# PhiSpy

This is a Jupyter Notebook that shows how to run PhiSpy manually. You can run through all the steps that PhiSpy takes to determine whether a genome contains a prophage, and inspect all of the data generated by PhiSpy.

You will need to install [PhiSpy](https://github.com/linsalrob/PhiSpy#installation), [Jupyter Notebooks](https://jupyter.org/install), and [pandas](https://pandas.pydata.org/pandas-docs/stable/getting_started/install.html)

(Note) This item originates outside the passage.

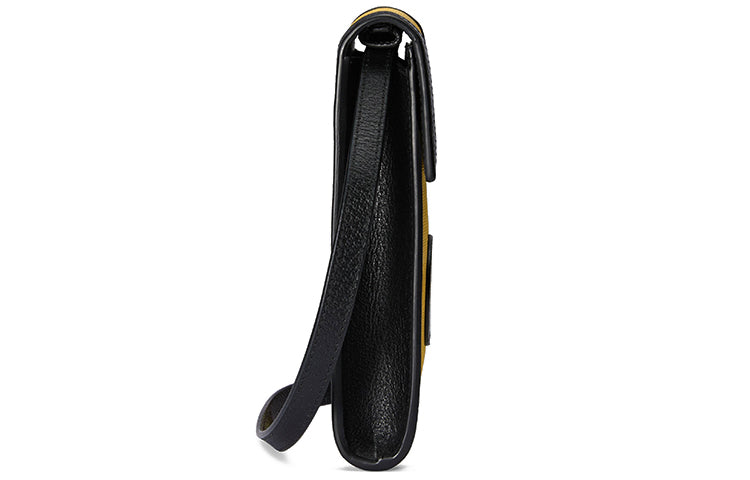 GUCCI Male GUCCI luggage Single-Shoulder Bag 625599-H9HAN-7673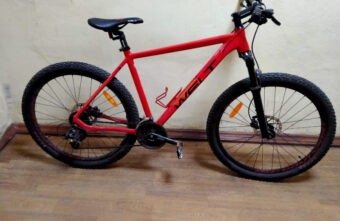 В Тверской области вор пытался нажиться на детях В Тверской области вор пытался нажиться на детях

<small>Note: PhiSpy does not normally use pandas, but we use it here to visualize the data!</small>

In [1]:
# set up the environment
import os
import sys
import gzip
from functools import reduce
import tempfile

import pandas as pd

from Bio import SeqIO

import PhiSpyModules

### Check the PhiSpy version

We recommend at least version 4.0.3 but preferable 4.1 or higher

In [2]:
print("PhiSpy version: " + PhiSpyModules.__version__)

PhiSpy version: 4.1rc12


### Define your genbank file here.

You may need to set the full path to the file. You can use gzip compressed file or an uncompressed file. Obviously, you will know whether it is compressed or not, but this demonstrates how PhiSpy determines when a file is compressed.

**This should be the only line you need to change to run PhiSpy completely!**

In [3]:
genbankfile = "../test_genbank_files/Yersinia_pestis_KIM.gb.gz"

### Parse the file

We use BioPython to parse the file, but we also add a few additional mehtods to the standard BioPython object to ease parsing. We also merge or split compound features (those with more than one location along the chromosome) to appropriately handle them.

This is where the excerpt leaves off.